Sobre propiedad, capitalismo y constitución

Columna de opinión.

En un artículo de Roque Faraone publicado en la sección Redacción Abierta de la diaria del 24 de marzo, el autor plantea, como antes hicieron otros, la cuestión de la necesaria modificación de la Constitución para superar un régimen principalmente abocado a blindar la propiedad privada y así desarrollar otras formas de propiedad social y limitar con mayor eficacia la transmisión hereditaria de capitales.

Faraone no dice a qué constitución se refiere, pero el hecho es que dicha cuestión se plantea en general con relación a la Constitución formal que nos rige, cuya modificación, de realizarse, debe hacerse siguiendo alguno de los procedimientos trabajosos que ella misma prevé, por lo que no es menor la cuestión de resolver previamente si la adecuación del sistema de la propiedad es un tema de nuestra Constitución formal que puede resolverse introduciendo en ella una frase de efecto mágico que diga, como se propone, que “la propiedad debe cumplir una función social”, tal como lo han hecho otras constituciones al tiempo de ser modificadas; o si, por el contrario, es un tema de nuestra constitución real, esto es, de la forma en que por medio de la política, la difusión de las ideas y la práctica se ha ido modelando y se sigue modelando nuestro sistema de relaciones económicas y la forma en que en él prevalecen ciertos intereses sobre otros.
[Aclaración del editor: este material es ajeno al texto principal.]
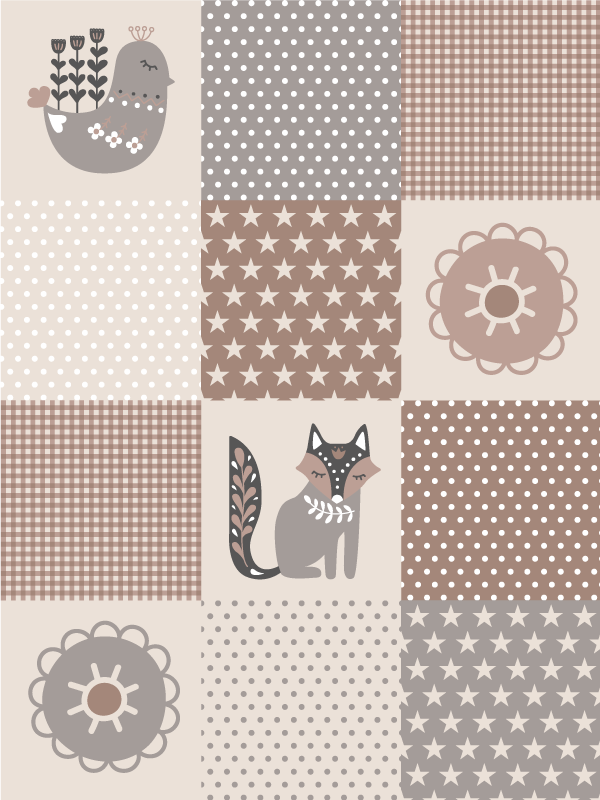 Patchwork játékidő vinil szőnyeg mások - TenStickers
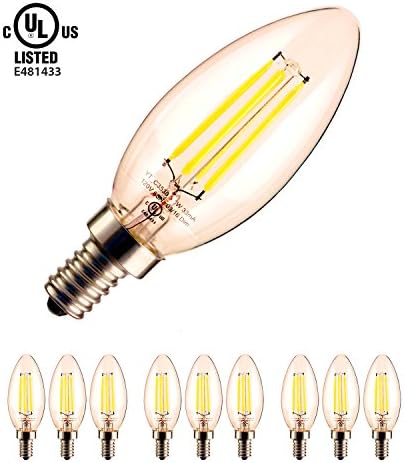 YUURTA C35 LED Filament Light Bulb 3.5W Candelabra Base E12 Torpedo Tip 3000K Warm White 120V Pack of 9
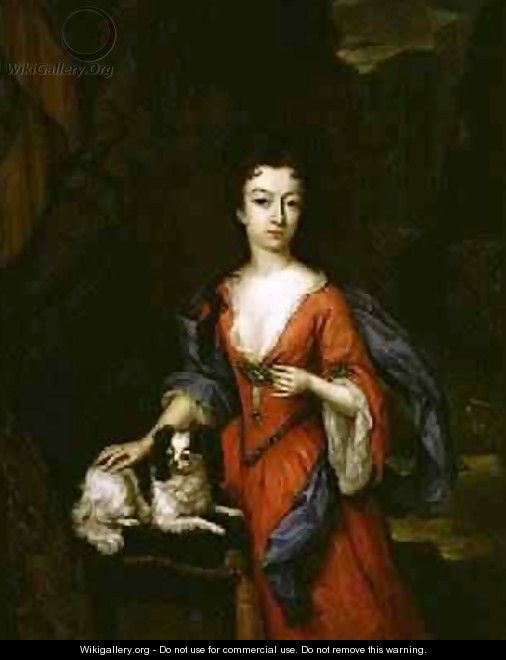 Portrait of a Lady with a Dog 1706 - Constantin Netscher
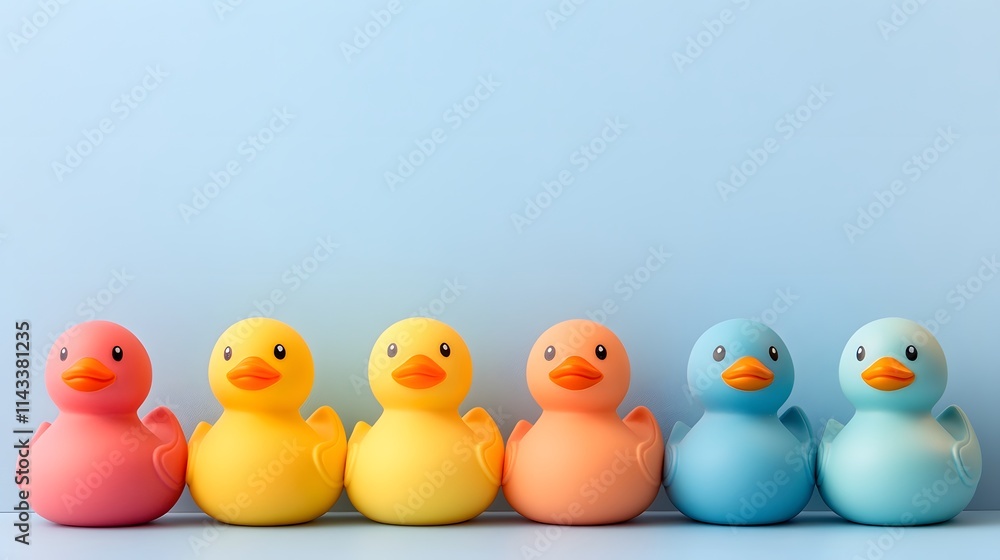Colorful rubber duck collection against a soft blue background. Colorful rubber duck collection against a soft blue background.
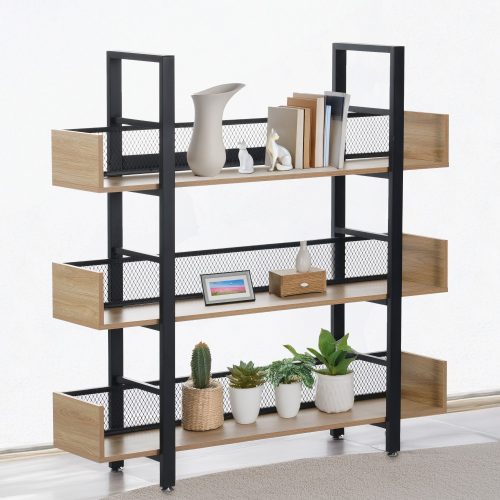 3 polcos polcállvány, tölgy/fekete, KILIS NEW TYP 1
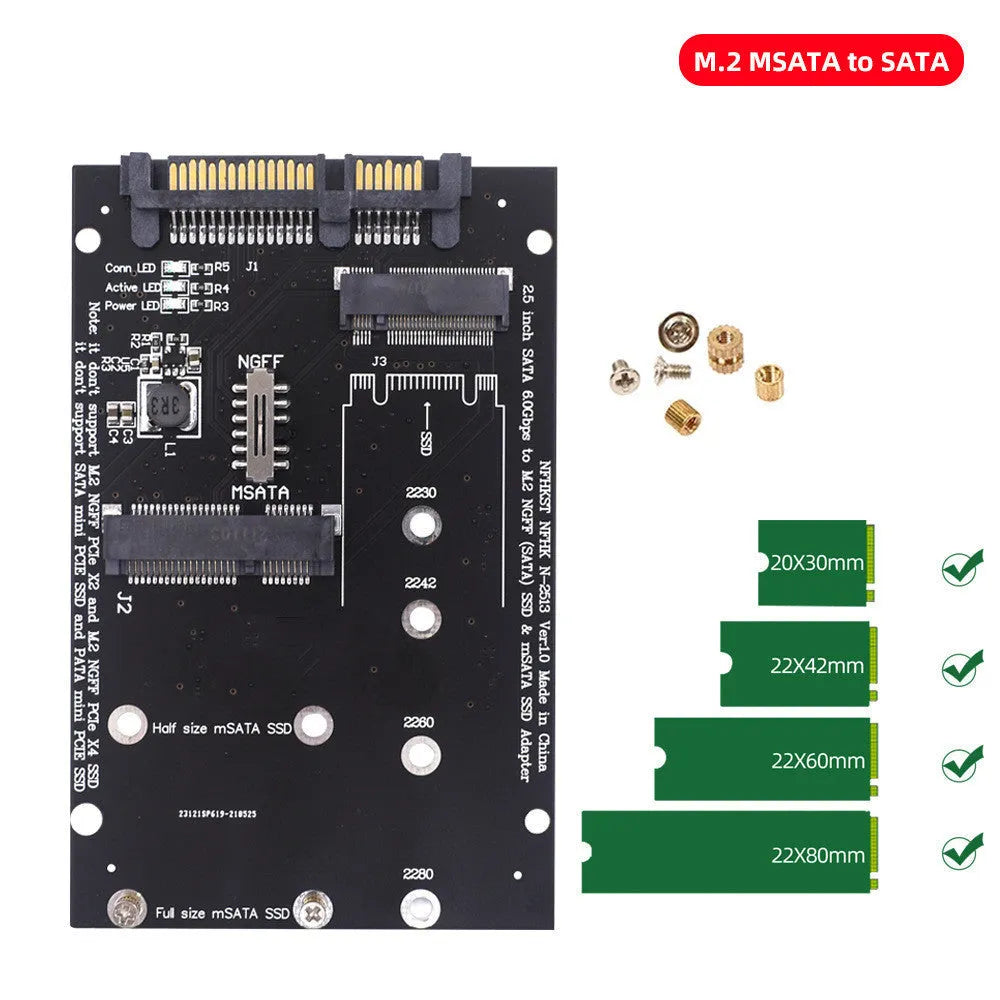 SATA3 to M.2 NGFF mSATA SSD conversion adapter board measuring 50mm x 30mm with gold connectors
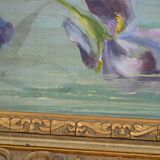 French School circa 1900 “Irises and dragonflies” Painted silk.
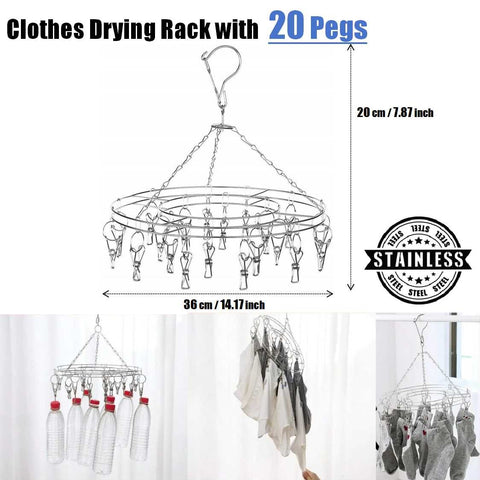 Heavy Duty Clothes Drying Rack 20 Pegs Laundry Cloth Hanger Stainless Steel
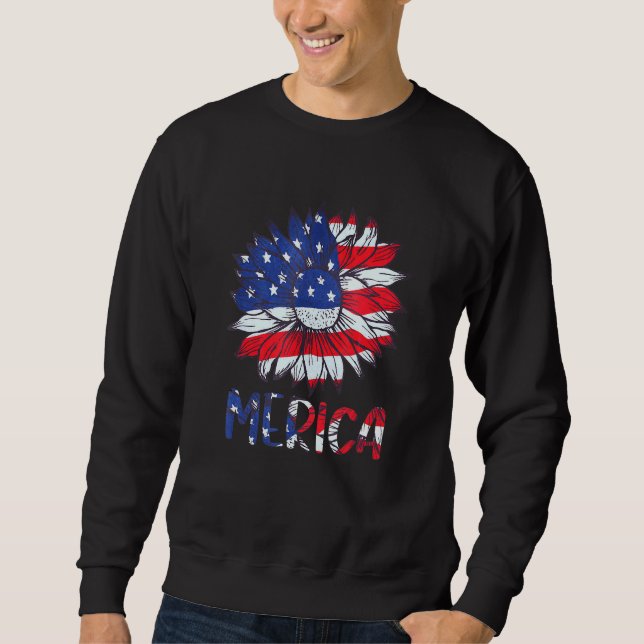 Sweatshirt Drapeau américain tournesol pour 4 juillet (Devant)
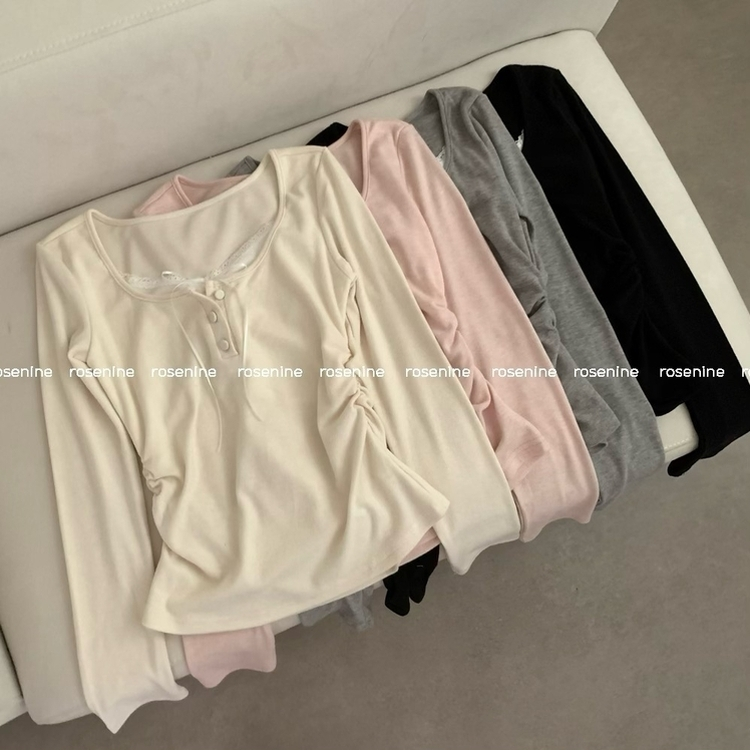 코코 봄 레이어드 레이스 단추 리본 긴팔티 롱슬리브 봄옷 벚꽃 긴팔티 긴팔 봄 걸코어 청순 러블리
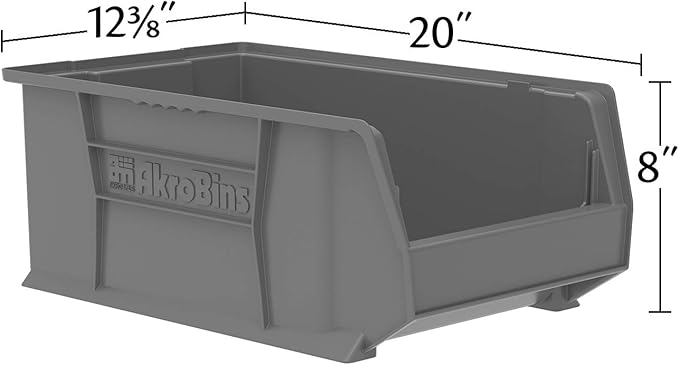 Akro-Mils 30281 Super-Size AkroBins Plastic Storage Bins, Space-Saving Stackable Bins for Garage, Classroom, Warehouse Organization, 20-Inch L x 12-Inch W x 8-Inch H, Clear, 3-Pack
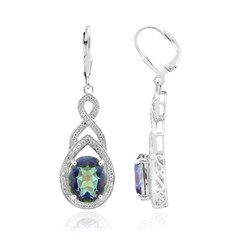 Pendientes en plata con Cuarzo Místico azul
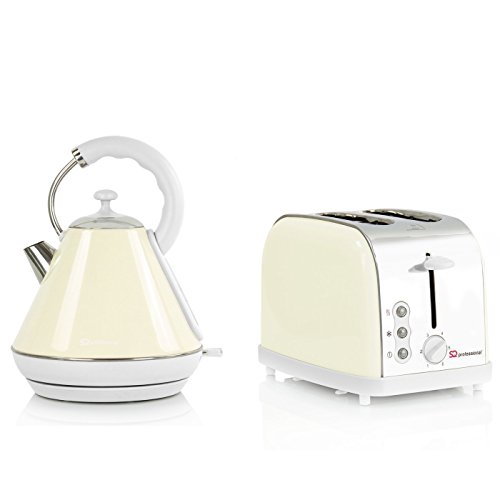 Electric Kettle & Toaster Set, Stainless Steel - Cream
Nuestra Constitución formal sólo menciona la propiedad una vez, en su artículo 7, y no dice lo que es ni cómo es, ni cómo se adquiere, ni cómo se ejerce, ni cómo se pierde. Dicho artículo se refiere a los derechos humanos o derechos de la personalidad, por lo que obviamente no puede referirse a la propiedad privada, que no tiene ninguna de las características de aquellos derechos; se refiere a otra cosa: algunos hablan de un derecho “a la propiedad” o, más precisamente, a la propiedad del propio trabajo o esfuerzo. En fin, fuera de eso, la Constitución habla de la expropiación, que es el procedimiento por el cual el Estado u otra persona pública con atribuciones para ello puede apropiarse de un bien particular sin la voluntad del expropiado. Todo lo demás es tema de la ley, de reglas de menor rango y de la voluntad de los particulares en ejercicio de su autonomía privada.

La propiedad no es simplemente un derecho que vincula a un individuo (propietario) con una cosa (bien), por el que los demás son “el sujeto pasivo universal”, algo así como la frase futbolera que dice que “los de afuera son de palo”, tal como nos enseñaban en otros tiempos en la Facultad de Derecho. La propiedad, más que un simple derecho real, es un sistema de Derecho que vincula directamente a una pluralidad de individuos con derechos e intereses diversos e indirectamente a toda la sociedad; un sistema de Derecho que es la visión jurídica del sistema económico de esa sociedad, que no es algo fijo e inmutable ni ofrece una única forma, aunque siempre haya alguna que podamos considerar dominante. El sistema económico en que estamos insertos es predominantemente la economía de mercado, y nuestro sistema de propiedad es también predominantemente la propiedad privada, porque la propiedad privada es la forma jurídica de la sociedad de mercado.

Nuestro sistema de propiedad privada conserva rasgos del Antiguo Régimen que llegó a nosotros con las Leyes de Indias, porque nuestro sistema económico conserva rasgos de economía feudal y otras cosas propias de un sistema en el que lo predominante no era el mercado sino el privilegio, pero que, como señalaba Michel Foucault, ya contenía en sus burgos las simientes de lo que le habría de suceder, y como allá por el siglo XVII, las ciudades desbordan sus muros con sus instituciones burguesas para constituir los nuevos estados.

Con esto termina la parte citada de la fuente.